La joven se despidió amablemente de la familia y aseguró volver cuando pasaran diez días. La abuela, cuando se quedaron solos, recriminó a su hijo pequeño la mentira, por decir que Sara estaba de viaje.
—Tranquila, madre, dentro de poco sabremos si esta mujer decía la verdad y si es quien dice ser que es —la tranquilizó Haider, con una pícara sonrisa.
—Pues claro que es, hijo. ¿Quién va a ser, si no? —refunfuñó la abuela contrariada.
Al caer la tarde, llegaron juntos a casa Abbas y Hazen. Nada más verlos, la madre se acercó a ellos y les contó la visita que habían tenido por la mañana.

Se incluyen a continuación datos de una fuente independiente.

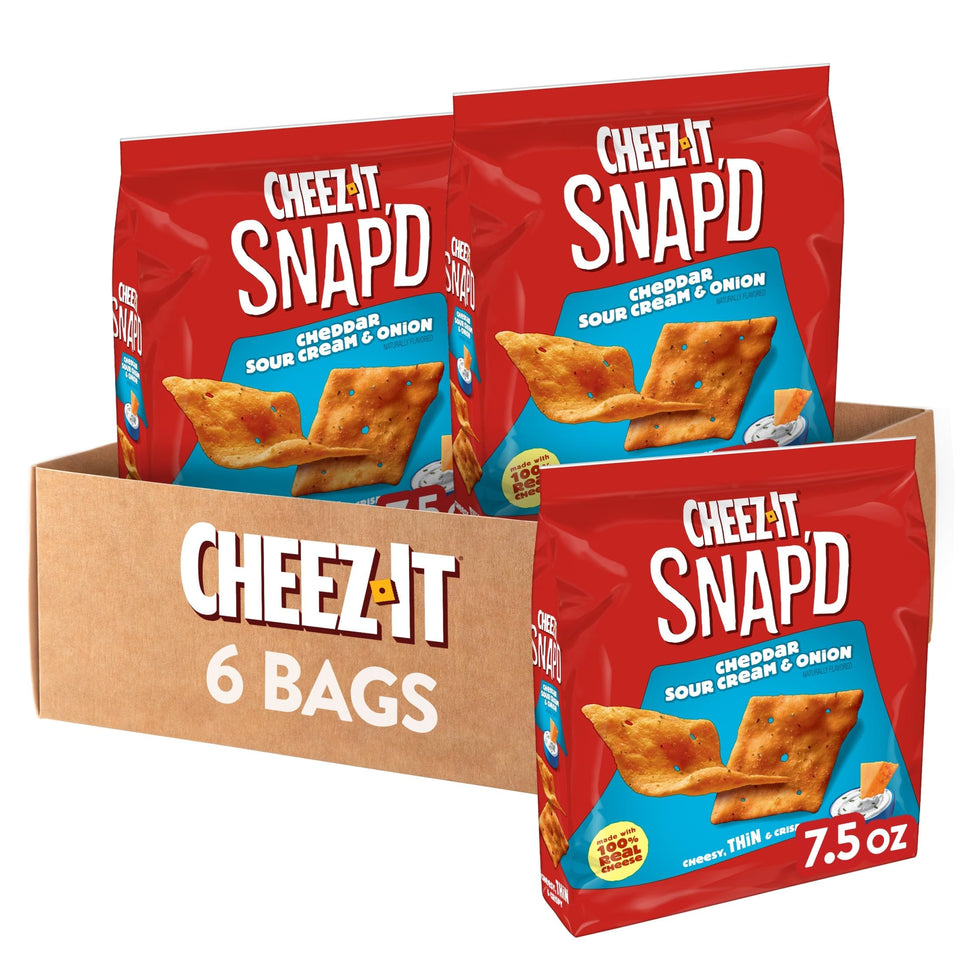 Cheez-It Snap'd cheddar sour cream onion crackers in a resealable bag for quick snacking.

—Vuestro hermano Haider me dice que no me fíe, que no se cree que sea una persona de Sanidad.
—¿Cómo va a ser una persona de Sanidad, madre? Si no hay medios siquiera para ponerse una inyección en buena parte de Iraq, para que venga una asistente a preocuparse por una niña, que además está sana. Y sin que nadie la llame. A mí me resulta extraño todo esto —le dijo Abbas a su madre, mientras que dirigía sus últimas palabras a Hazen.
Hazen, que escuchaba la conversación, negaba con la cabeza, mostrándose irritado con el asunto.
—No podemos estar así toda la vida, Abbas. Con esta sensación de terror, pensando que cualquier desconocido que viene a esta casa viene con intenciones de llevarse a Sara. Voy a llamar a mi amigo Abdul, el abogado, y voy a proponerle un plan para acabar con esta angustia. Ya te contaré. De momento vuelve a llevar a la niña a casa de Zeinab y quedaos allí unos días por si acaso.